A crowd is guaranteed. Mr Graham is benefiting from the activities of a multi-sect Russian Christian mission, Revival- 92, which has organised 12 trains from important cities such as Kiev, St Petersburg and Minsk to come to Moscow, and stay for three nights sleeping on the trains. The trains will bring in at least 8,000. Another 5,000 will be there singing in the mass choir.

Billy Graham believes that after years of godless Communism Russia is ripe for conversion. He talks of the 'emptiness of young people's lives' and of people searching for something to follow in a world that they feel has failed them. The evidence suggests he will have a willing audience. Russians are turning to anything from religion to folk medicine, black magic and astrology to help alleviate the drudgery and hardship of making the transition from a rigid totalitarian society to free-market capitalism. Congregations in the 1,000- year-old Russian Orthodox church are increasing each month. Moscow's 111 functioning churches are often full.

American and Korean evangelists have had a good summer baptising new followers in ponds and lakes around the city. One of the weirdest sights - for anyone who lived here under Communism - is to see the saffron-robed Hare Krishnas dancing and chanting through the streets. In the winter, they wear boots, down jackets and woollen hats, but they have a hole in the hats for their characteristic ponytail and they wear their yellow robes over winter coats. They claim as many as 700,000 believers in Russia and they are building Hare Krishna temples all over the country.

The Mormons are here with more than 30 youthful missionaries from Utah. In the spring Moscow's Seventh Day Adventists, who used to hold secret services under Communism, arranged their largest blessing campaign inside the Kremlin. They handed out 21,000 Bibles and baptised 1,300 people.

In July, the American astronaut Charles Duke, now an evangelist, toured military and state security services and spoke to 3,000 Muscovites at the Moscow Dynamo stadium. He handed out 10,000 Russian- language New Testaments with military camouflage covers.

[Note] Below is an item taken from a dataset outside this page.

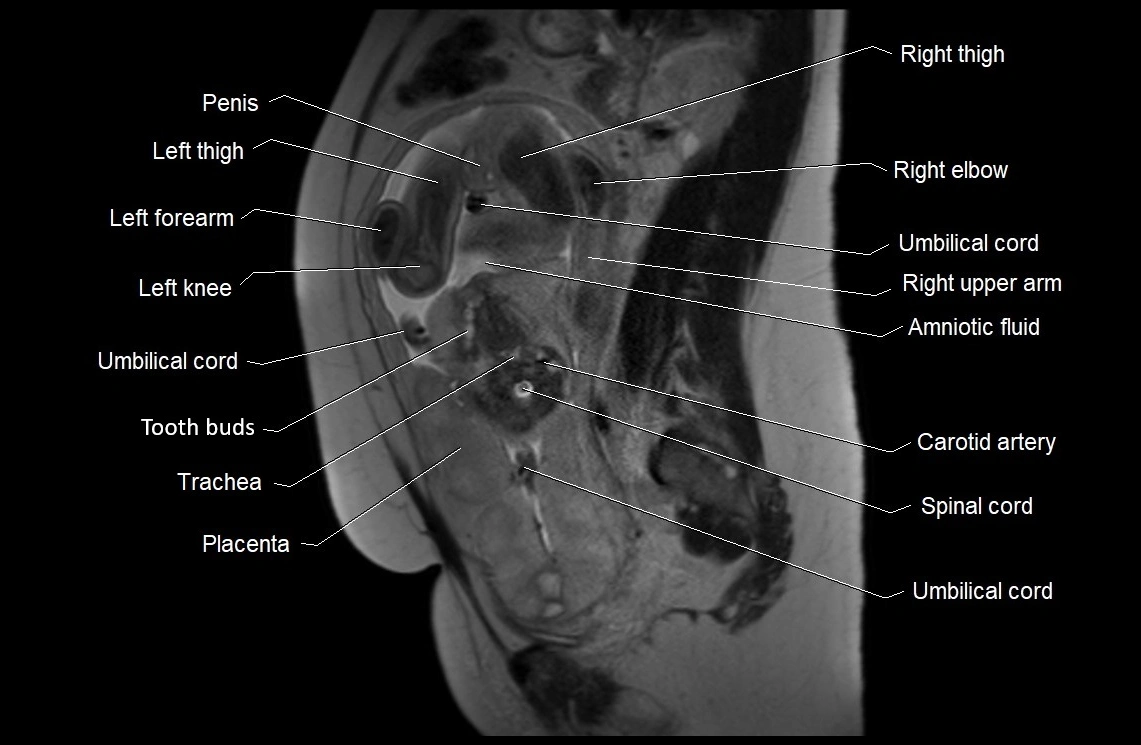 MRI fetal anatomy sagittal image 15.webp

It's a dramatic change. Under Communism, religion was not banned officially but it was against the law to proselytise. If anyone taught Sunday School to young people, they faced imprisonment and even execution in the early years as the Communist Party tried to wipe out religion, 'the opiate of the masses'. Until fairly recently, those who worshipped something other than the state faced loss of status and position. Many worshipped in private, trying to keep out of sight of the KGB informers and often keeping crucifixes hidden for fear of persecution.

Billy Graham remembers those days. He first came here in 1959 hoping to preach the Sunday sermon in a Moscow church, but he was told his visa did not cover preaching. He had to sit and listen.

Evangelists such as Mr Graham hold out the hope of miracles as well as answers to prayers, and Russians are ready, it seems. A survey conducted by the Moscow daily Nezavisimaya Gazeta indicated that nearly a third of Russians, Ukrainians and Kazakhs believe in miracles and 11 per cent said they believed in paradise. Forty per cent said they were interested in the New Testament, but only 29 per cent considered themselves true believers.

Their eagerness to become devout again, however, makes them yearn for a kind of universal world of believers who all agree to worship in much the same way. But the unification of all these churches is unlikely, Mr Graham believes, until Christ returns to Earth and rules over us all.